Fighting Dystonia, Chronic Lyme Disease & EDS Type 3… any questions?

Posts tagged ‘winter’

Winter Precautions

If you had sat opposite me and my friends on the bus yesterday chances are you would not have had a clue there was anything wrong with me. When I shuddered, and my friends asked in hushed tones if I was cold, you would not have paid a second thought to it. In reality that shudder was my body trying desperately to twitch but failing due to the injections, my friends whispered question was simply because they know that the cold aggravates my Dystonia. I currently walk around Oxford like a human marshmallow, swaddled in layers, with my gloves, hat and scarf on. My joints are already painful most days. I compensate for this though, my bedroom generally feels like a sauna.

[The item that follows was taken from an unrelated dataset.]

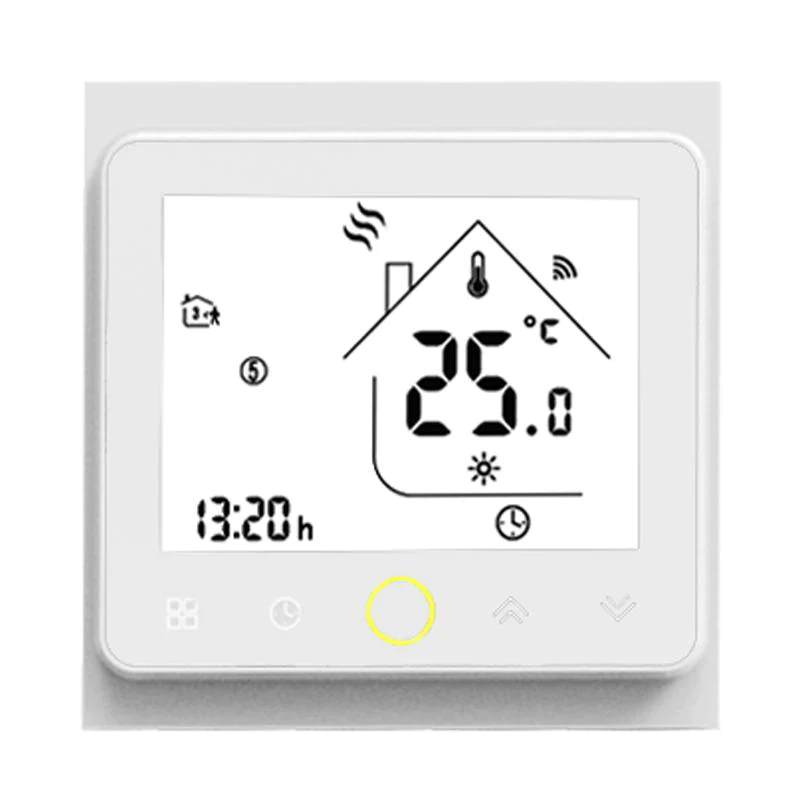 Termostat do ogrzewania podłogowego Moes (16A, biały, Wi-Fi) Termostat do ogrzewania podłogowego Moes (16A, biały, Wi-Fi)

Winter is coming. For many Dystonia, EDS and other spoonies winter impacts their chronic illness, causing spasms, pain flares etc. Managing your symptoms gets harder and if you’re anything like me and run head first at every challenge your condition presents, then you’ll find that with winter you’ll crash and flare more often. Symptom diaries are a fantastic tool to keep. Learning what you can do to keep on top of your health is the best approach you can take.

I know that in winter If I go out with no gloves and only one pair of socks, I am going to spend the day apologizing to all the people I pass in the street as I’ll accidentally hit  them when I twitch. It’s humiliating, and avoidable if I just remember to wrap up. If my room gets to cold I know I shall spend the night in agony with my body spasming. Again this is avoidable. I may not be able to prevent every single spasm, but I can definitely prevent the worst of them by taking sensible measures.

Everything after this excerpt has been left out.